__Exercise aim__.
A verbatim copy of the entries is the required answer.

++++++++

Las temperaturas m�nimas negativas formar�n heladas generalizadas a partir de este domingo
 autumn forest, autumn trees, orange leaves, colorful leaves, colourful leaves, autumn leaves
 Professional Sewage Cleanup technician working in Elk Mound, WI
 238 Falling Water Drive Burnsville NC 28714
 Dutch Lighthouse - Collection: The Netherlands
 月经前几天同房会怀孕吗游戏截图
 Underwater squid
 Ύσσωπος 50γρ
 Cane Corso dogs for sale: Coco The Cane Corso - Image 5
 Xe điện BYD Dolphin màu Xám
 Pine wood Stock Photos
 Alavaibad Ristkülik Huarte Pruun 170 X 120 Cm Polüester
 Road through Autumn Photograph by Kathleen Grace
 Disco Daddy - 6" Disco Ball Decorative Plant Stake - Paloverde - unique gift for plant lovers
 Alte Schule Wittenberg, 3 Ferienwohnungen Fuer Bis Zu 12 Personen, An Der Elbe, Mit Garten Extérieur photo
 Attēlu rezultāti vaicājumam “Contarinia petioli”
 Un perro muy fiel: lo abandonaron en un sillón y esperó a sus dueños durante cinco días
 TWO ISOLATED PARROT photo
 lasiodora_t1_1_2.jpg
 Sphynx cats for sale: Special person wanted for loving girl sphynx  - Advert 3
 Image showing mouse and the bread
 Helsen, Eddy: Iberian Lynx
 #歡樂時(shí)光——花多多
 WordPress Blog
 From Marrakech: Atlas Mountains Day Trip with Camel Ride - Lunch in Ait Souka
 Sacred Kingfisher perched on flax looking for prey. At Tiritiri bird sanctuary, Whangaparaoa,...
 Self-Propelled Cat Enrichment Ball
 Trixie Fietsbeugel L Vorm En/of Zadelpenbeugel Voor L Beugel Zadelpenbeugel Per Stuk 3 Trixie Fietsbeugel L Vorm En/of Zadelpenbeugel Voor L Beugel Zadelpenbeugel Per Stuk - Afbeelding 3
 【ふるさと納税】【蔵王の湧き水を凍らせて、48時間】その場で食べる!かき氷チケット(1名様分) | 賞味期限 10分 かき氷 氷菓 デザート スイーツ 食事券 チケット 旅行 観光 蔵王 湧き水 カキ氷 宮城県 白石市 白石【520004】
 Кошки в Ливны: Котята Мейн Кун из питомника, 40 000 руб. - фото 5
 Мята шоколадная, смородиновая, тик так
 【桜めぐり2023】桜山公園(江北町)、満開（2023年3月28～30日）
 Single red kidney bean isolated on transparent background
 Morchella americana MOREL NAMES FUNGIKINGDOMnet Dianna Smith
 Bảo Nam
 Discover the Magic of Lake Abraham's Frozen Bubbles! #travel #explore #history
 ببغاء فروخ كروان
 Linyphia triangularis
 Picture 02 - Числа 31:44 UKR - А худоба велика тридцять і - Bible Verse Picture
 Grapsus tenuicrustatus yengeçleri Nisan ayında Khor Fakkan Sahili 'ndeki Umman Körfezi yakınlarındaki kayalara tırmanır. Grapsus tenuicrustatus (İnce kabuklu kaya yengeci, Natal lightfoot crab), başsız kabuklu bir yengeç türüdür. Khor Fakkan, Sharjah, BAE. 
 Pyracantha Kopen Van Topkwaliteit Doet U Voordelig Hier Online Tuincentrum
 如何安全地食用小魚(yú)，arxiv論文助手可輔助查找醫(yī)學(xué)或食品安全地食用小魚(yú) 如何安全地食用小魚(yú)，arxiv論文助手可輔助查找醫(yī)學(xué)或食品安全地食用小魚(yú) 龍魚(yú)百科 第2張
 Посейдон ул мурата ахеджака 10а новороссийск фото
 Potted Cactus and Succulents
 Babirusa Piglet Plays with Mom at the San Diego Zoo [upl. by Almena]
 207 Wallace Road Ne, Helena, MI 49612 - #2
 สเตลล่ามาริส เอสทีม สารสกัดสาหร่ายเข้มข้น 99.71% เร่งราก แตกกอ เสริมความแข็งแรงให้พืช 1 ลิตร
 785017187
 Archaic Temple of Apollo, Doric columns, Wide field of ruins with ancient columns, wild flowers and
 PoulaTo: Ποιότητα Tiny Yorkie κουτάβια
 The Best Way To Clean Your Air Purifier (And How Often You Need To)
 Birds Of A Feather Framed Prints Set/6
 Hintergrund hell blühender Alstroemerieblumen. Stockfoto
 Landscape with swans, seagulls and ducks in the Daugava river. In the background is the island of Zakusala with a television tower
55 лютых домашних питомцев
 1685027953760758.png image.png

++++++++

__Answer section__.
Las temperaturas m�nimas negativas formar�n heladas generalizadas a partir de este domingo
 autumn forest, autumn trees, orange leaves, colorful leaves, colourful leaves, autumn leaves
 Professional Sewage Cleanup technician working in Elk Mound, WI
 238 Falling Water Drive Burnsville NC 28714
 Dutch Lighthouse - Collection: The Netherlands
 月经前几天同房会怀孕吗游戏截图
 Underwater squid
 Ύσσωπος 50γρ
 Cane Corso dogs for sale: Coco The Cane Corso - Image 5
 Xe điện BYD Dolphin màu Xám
 Pine wood Stock Photos
 Alavaibad Ristkülik Huarte Pruun 170 X 120 Cm Polüester
 Road through Autumn Photograph by Kathleen Grace
 Disco Daddy - 6" Disco Ball Decorative Plant Stake - Paloverde - unique gift for plant lovers
 Alte Schule Wittenberg, 3 Ferienwohnungen Fuer Bis Zu 12 Personen, An Der Elbe, Mit Garten Extérieur photo
 Attēlu rezultāti vaicājumam “Contarinia petioli”
 Un perro muy fiel: lo abandonaron en un sillón y esperó a sus dueños durante cinco días
 TWO ISOLATED PARROT photo
 lasiodora_t1_1_2.jpg
 Sphynx cats for sale: Special person wanted for loving girl sphynx  - Advert 3
 Image showing mouse and the bread
 Helsen, Eddy: Iberian Lynx
 #歡樂時(shí)光——花多多
 WordPress Blog
 From Marrakech: Atlas Mountains Day Trip with Camel Ride - Lunch in Ait Souka
 Sacred Kingfisher perched on flax looking for prey. At Tiritiri bird sanctuary, Whangaparaoa,...
 Self-Propelled Cat Enrichment Ball
 Trixie Fietsbeugel L Vorm En/of Zadelpenbeugel Voor L Beugel Zadelpenbeugel Per Stuk 3 Trixie Fietsbeugel L Vorm En/of Zadelpenbeugel Voor L Beugel Zadelpenbeugel Per Stuk - Afbeelding 3
 【ふるさと納税】【蔵王の湧き水を凍らせて、48時間】その場で食べる!かき氷チケット(1名様分) | 賞味期限 10分 かき氷 氷菓 デザート スイーツ 食事券 チケット 旅行 観光 蔵王 湧き水 カキ氷 宮城県 白石市 白石【520004】
 Кошки в Ливны: Котята Мейн Кун из питомника, 40 000 руб. - фото 5
 Мята шоколадная, смородиновая, тик так
 【桜めぐり2023】桜山公園(江北町)、満開（2023年3月28～30日）
 Single red kidney bean isolated on transparent background
 Morchella americana MOREL NAMES FUNGIKINGDOMnet Dianna Smith
 Bảo Nam
 Discover the Magic of Lake Abraham's Frozen Bubbles! #travel #explore #history
 ببغاء فروخ كروان
 Linyphia triangularis
 Picture 02 - Числа 31:44 UKR - А худоба велика тридцять і - Bible Verse Picture
 Grapsus tenuicrustatus yengeçleri Nisan ayında Khor Fakkan Sahili 'ndeki Umman Körfezi yakınlarındaki kayalara tırmanır. Grapsus tenuicrustatus (İnce kabuklu kaya yengeci, Natal lightfoot crab), başsız kabuklu bir yengeç türüdür. Khor Fakkan, Sharjah, BAE. 
 Pyracantha Kopen Van Topkwaliteit Doet U Voordelig Hier Online Tuincentrum
 如何安全地食用小魚(yú)，arxiv論文助手可輔助查找醫(yī)學(xué)或食品安全地食用小魚(yú) 如何安全地食用小魚(yú)，arxiv論文助手可輔助查找醫(yī)學(xué)或食品安全地食用小魚(yú) 龍魚(yú)百科 第2張
 Посейдон ул мурата ахеджака 10а новороссийск фото
 Potted Cactus and Succulents
 Babirusa Piglet Plays with Mom at the San Diego Zoo [upl. by Almena]
 207 Wallace Road Ne, Helena, MI 49612 - #2
 สเตลล่ามาริส เอสทีม สารสกัดสาหร่ายเข้มข้น 99.71% เร่งราก แตกกอ เสริมความแข็งแรงให้พืช 1 ลิตร
 785017187
 Archaic Temple of Apollo, Doric columns, Wide field of ruins with ancient columns, wild flowers and
 PoulaTo: Ποιότητα Tiny Yorkie κουτάβια
 The Best Way To Clean Your Air Purifier (And How Often You Need To)
 Birds Of A Feather Framed Prints Set/6
 Hintergrund hell blühender Alstroemerieblumen. Stockfoto
 Landscape with swans, seagulls and ducks in the Daugava river. In the background is the island of Zakusala with a television tower
55 лютых домашних питомцев
 1685027953760758.png image.png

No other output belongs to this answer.